Friday, April 4, 2008

Meatheads is more like it

Not that there’s anything wrong with Leatherheads — George Clooney’s long and arduous look into pre-NFL football via the screwball comedy — it’s just that there’s nothing really right about it either.

It’s all very bluuuuuuuhhhh.

The laughs are mild and camouflaged amid 1920’s anachronism. The dialogue channels Clark Gable and Cary Grant, but rarely succumbs to their spirits. The antics are whacky and purely madcap — like when George and his girl play Keystone Cops with stolen police uniforms — but they go flat, then sour, when left out of the icebox too long. The costumes were great, but when that’s all there is to say that can’t be a good sign.

It all takes place in 1925. Prohibition is well established. Flappers own the night. The Great Depression is on the horizon. And college football is a beloved sport, while professional football is seen as a joke, a dead-end career path for pathetic old timers who didn’t go to college because they were either too poor or too stupid. Adding to their stupidity, by way of brain-scrambling head injuries, is the unforgiving football uniform: minimal padding, lightweight cotton garments and a leather moccasin that goes on the head, thus making the players leatherheads.
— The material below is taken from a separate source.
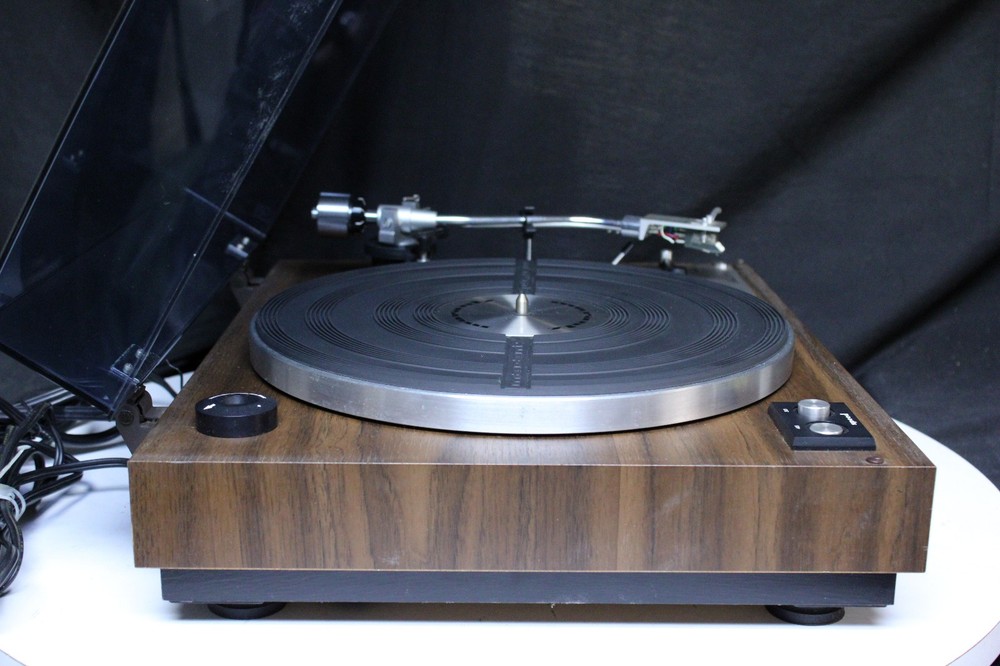 Vintage Marantz Model 6100 Belt-Drive Turntable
The movie is only half sports, like when the football hero must recruit, and then later play against, a person who becomes his friend. The middle section is barely sports at all as the young friend becomes embroiled in a war scandal invented to keep the action off the field. Neither story is very interesting.

The football hero is Dodge Connelly (Clooney), who runs a rag-tag group of knuckle-crackers in the Midwest. Dodge is the unofficial coach, the star player, playmaker, quarterback and also the team’s press spokesman — after every game he dictates the story to the scotch-soaked reporter sent with the team on road trips. With the league in the lurch, it gets financing from a rich sports agent determined to make football the new American pastime with Carter Rutherford (John Krasinski), an ex-college star and a veteran of the Great War. As a soldier, Carter was involved in the capture of a large German force; his heroism creates a scandal when it comes out the whole story may have been fabricated. Carter, an all-American boy with a doughy all-American face, seems innocently caught up in something he’s unable to control.

Krasinski, who plays beloved paper salesman Jim on the American version of The Office, is a likeable enough guy, but, like the movie, he’s very bland. He overacts a tad, but then again, everyone in Leatherheads does. Clooney, who embodies his free-riding debonair with a classical Gable-like swagger, has some good lines that twist and turn on provocative double entendres, but his performance is lost in the period. Or maybe it’s just lost in his directing (yes, Clooney directed Leatherheads).

In trying to imagine his character in a screwball comedy like It Happened One Night, he’s made it incomprehensible. The twitches, the soggy faces, double glances, goofy eye movements … these things might have worked with Cary Grant, but here they’re just outdated and lost in time and space. By referencing other works — mainly It Happened One Night — Clooney has not made an homage, but a series of jokes that now don’t work in two time periods: now and during the screwball period of the 1930s and 40s.

The film does find a nice rhythm with Lexie Littleton (Renée Zellweger), who is a hard-charging reporter sent to unmask Carter Rutherford for her yellowish newspaper. Zellweger, facial contortions and all, is charming enough for me to mention that she’s does very well in roles set in the 1920s — first Chicago and now this. But her character’s war scandal threatens to derail the real story, that of Dodge and Carter’s football teams, which meet in muddy calamity by film’s end.

The football scenes are like every other football movie ever filmed — lame — albeit in period football uniforms, which provides a fun new twist. But if you want to see it done better, please check out Harold Lloyd’s The Freshman, a film that uses the same football outfits but not because the costume department had a large budget — The Freshman, one of comedies forgotten gems, was filmed in 1925, the same time period Leatherheads claims to represent.

Leatherheads is not a terrible film, although it is terribly disappointing and terribly plain, and also terribly frustrating to see George Clooney flounder on something that had so much more potential as a modern-day comedy than a throwback to screwball comedies.